NGC | Catalog
CatalogModelsNeMo Speech Synthesis models

NeMo Speech Synthesis models

Logo for NeMo Speech Synthesis models
Description
NeMo Speech Synthesis(Text to Speech or TTS) models contain text to speech models to generate spectrogram from text and vocoder to generate audio from spectrogram
Publisher
NVIDIA
Latest Version
1.0.0a5
Modified
April 4, 2023
Size
1.23 GB

Overview

NVIDIA NeMo toolkit supports Text To Speech (TTS) which is also referred to as Speech Synthesis via a two step procedure. First, a model is used to generate a mel spectrogram from text. Second, a model is used to generate audio from a mel spectrogram. In this collection, Mel Spectrogram Generators Tacotron 2 and Glow-TTS are included.In the audio Generators (Vocoders) section, WaveGlow is included. Using the scripts in the TTS directory, train any of these models for domain specific data. Note: Transfer learning is currently a research area in TTS.

Usage

You can instantiate all these models automatically directly from NGC. To do so, start your script with:

import nemo
import nemo.collections.tts as nemo_tts

Then chose what type of model you would like to instantiate. See table below for the list of model base classes. Then use base_class.from_pretrained(...) method. For example:

# Spectrogram generator which takes text as an input and produces spectrogram
spectrogram_generator = nemo_tts.models.Tacotron2Model.from_pretrained(model_name="Tacotron2-22050Hz")
# Vocoder model which takes spectrogram and produces actual audio
vocoder = nemo_tts.models.WaveGlowModel.from_pretrained(model_name="WaveGlow-22050Hz")

Note that you can also list all available models using API by calling base_class.list_available_models(...) method.

You can also download all models' ".nemo" files in the "File Browser" tab and then instantiate those models with base_class.restore_from(PATH_TO_DOTNEMO_FILE) method. In this case, make sure you are matching NeMo and models' versions.

Here is a list of currently available models together with their base classes and short descriptions.

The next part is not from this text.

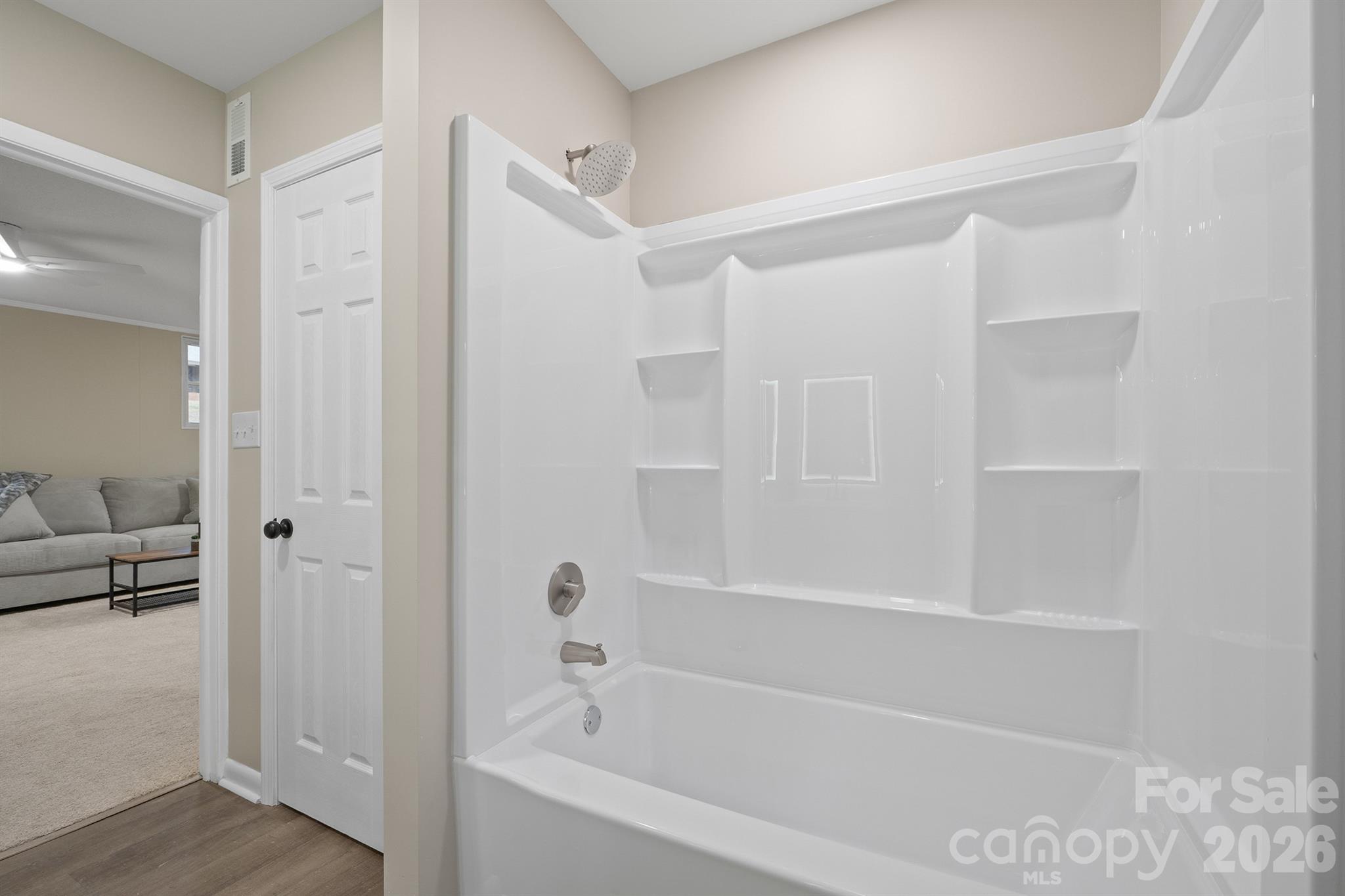 8928 Singingpine Road Charlotte, NC 28214 - Photo 8 of 42 Gallery Image 8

Model name Model Base Class Description
Tacotron2-22050Hz Tacotron2Model This model is trained on LJSpeech sampled at 22050Hz, and can be used to generate female English voices with an American accent.
WaveGlow-22050Hz WaveGlowModel This model is trained on LJSpeech sampled at 22050Hz, and can be used as an universal vocoder.
SqueezeWave-22050Hz SqueezeWaveModel This model is trained on LJSpeech sampled at 22050Hz, and can be used as an universal vocoder.
GlowTTS-22050Hz GlowTTSModel This model is trained on LJSpeech sampled at 22050Hz, and can be used to generate female English voices with an American accent.